Le principe de sécurité juridique fait obstacle à ce qu’une personne qui a eu connaissance d’une décision administrative individuelle, même sans mention des voies et délais de recours, puisse contester celle-ci indéfiniment a jugé l’assemblée du contentieux du Conseil d’État.
L’assemblée était saisie d’un cas comme le juge administratif en a rencontré beaucoup depuis que la jurisprudence Griesmar a reconnu aux fonctionnaires pères de famille le droit aux bonifications pour enfants que les textes réservaient aux mères (V. CE 29 juill. 2002, n° 141112, Griesmar, Lebon ; AJDA 2002. 823 , concl. F. Lamy ; D. 2002. 2832, et les obs. , note A. Haquet ; AJFP 2002. 40 ; Dr. soc. 2002. 1131, note X. Prétot ). M. C…, ancien brigadier de police s’était vu notifier en septembre 1991 l’arrêté lui concédant une pension de retraite. Comme c’était, semble-t-il, systématiquement le cas alors, cette notification mentionnait le délai de recours contentieux, mais n’indiquait pas la juridiction compétente. Près de vingt-trois ans plus tard, s’appuyant sur les dispositions de l’article R. 421-1 du code de justice administrative, selon lequel le délai de recours ne commence pas à courir lorsque la notification ne mentionne pas les voies et délais de recours, M. C… a demandé au juge d’annuler son arrêté de pension en tant qu’il ne prenait pas en compte les bonifications pour enfant.

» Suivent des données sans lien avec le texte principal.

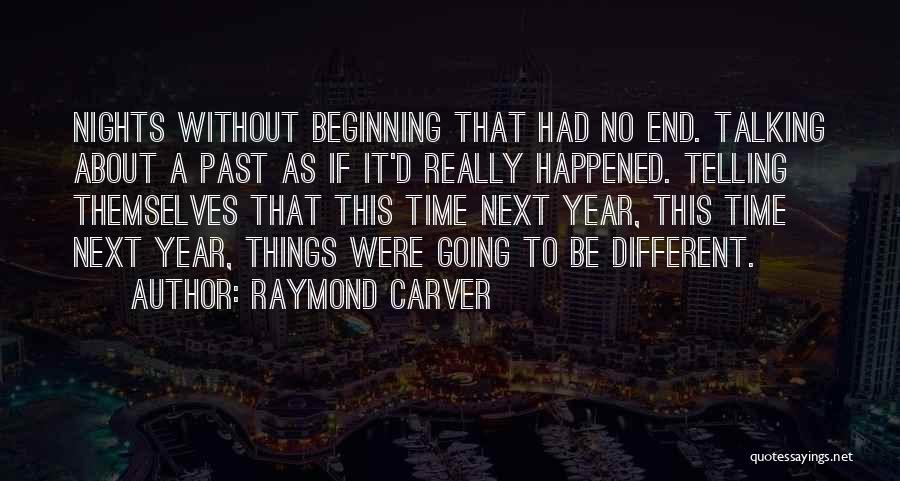 Raymond Carver Quotes 1581546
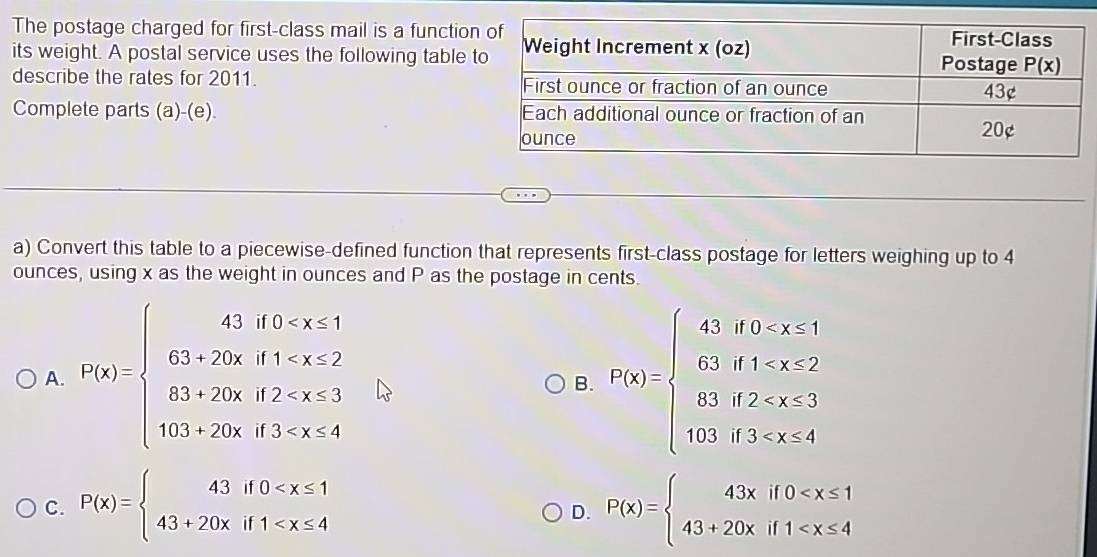 The postage charged for first-class mail is a function
its weight. A postal service uses the following table 
describe the rates for 2011. 
Complete parts (a)-(e). 
a) Convert this table to a piecewise-defined function that represents first-class postage for letters weighing up to 4
ounces, using x as the weight in ounces and P as the postage in cents.
A. f(x)=beginarrayl 43,f(0 <2 63,20x,f2 20,f3,x<4endarray. P(x)=beginarrayl 4,if0 1.5
B.
C. P(x)=beginarrayl 43if0 P(x)=beginarrayl 43xif0
D.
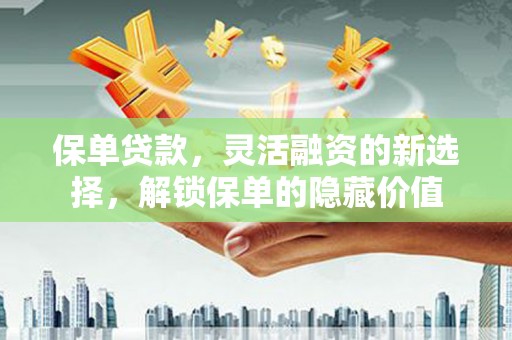 香港保单贷款，灵活融资的新选择，解锁保单的隐藏价值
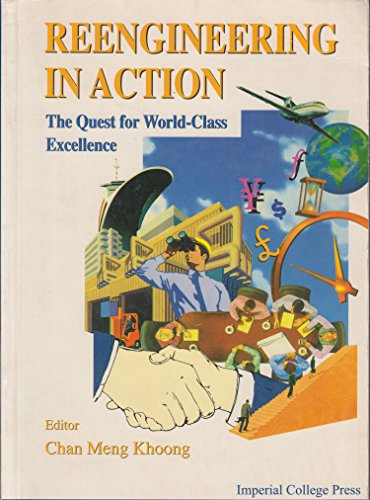 Stock image for Reengineering In Action :The Quest For Worldclass Excellence for sale by Books in my Basket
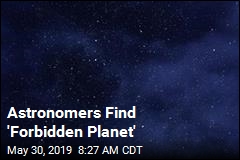 Astronomers Find &#39;Forbidden Planet&#39;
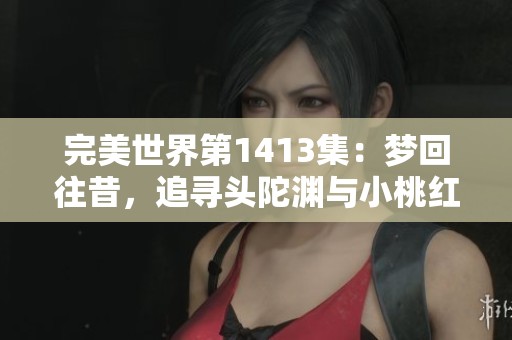 完美世界第1413集：梦回往昔，追寻头陀渊与小桃红的秘密旅程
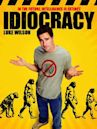 Idiocracy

De nombreux retraités ont obtenu satisfaction, dans la limite de la prescription quadriennale, dans un tel cas (v. p. ex. CE, 24 juill. 2009, n° 322806, Lebon ; AJDA 2009. 1463 ). C’est à ces effets d’aubaine, et plus généralement aux contestations très tardives de décisions dont les intéressés avaient, à l’évidence, connaissance, que l’assemblée met un terme en confirmant, comme le lui suggérait le rapporteur public Olivier Henrard, que le principe de sécurité juridique peut également bénéficier à l’administration.
Le Conseil d’État juge en effet « que le principe de sécurité juridique, qui implique que ne puissent être remises en cause sans condition de délai des situations consolidées par l’effet du temps, fait obstacle à ce que puisse être contestée indéfiniment une décision administrative individuelle qui a été notifiée à son destinataire, ou dont il est établi, à défaut d’une telle notification, que celui-ci a eu connaissance ; qu’en une telle hypothèse, si le non-respect de l’obligation d’informer l’intéressé sur les voies et les délais de recours, ou l’absence de preuve qu’une telle information a bien été fournie, ne permet pas que lui soient opposés les délais de recours fixés par le code de justice administrative, le destinataire de la décision ne peut exercer de recours juridictionnel au-delà d’un délai raisonnable ». Et il précise « qu’en règle générale et sauf circonstances particulières dont se prévaudrait le requérant, ce délai ne saurait, sous réserve de l’exercice de recours administratifs pour lesquels les textes prévoient des délais particuliers, excéder un an à compter de la date à laquelle une décision expresse lui a été notifiée ou de la date à laquelle il est établi qu’il en a eu connaissance ».
Estimant que la requête de M. C… a été présentée au-delà d’un délai raisonnable, l’assemblée la rejette.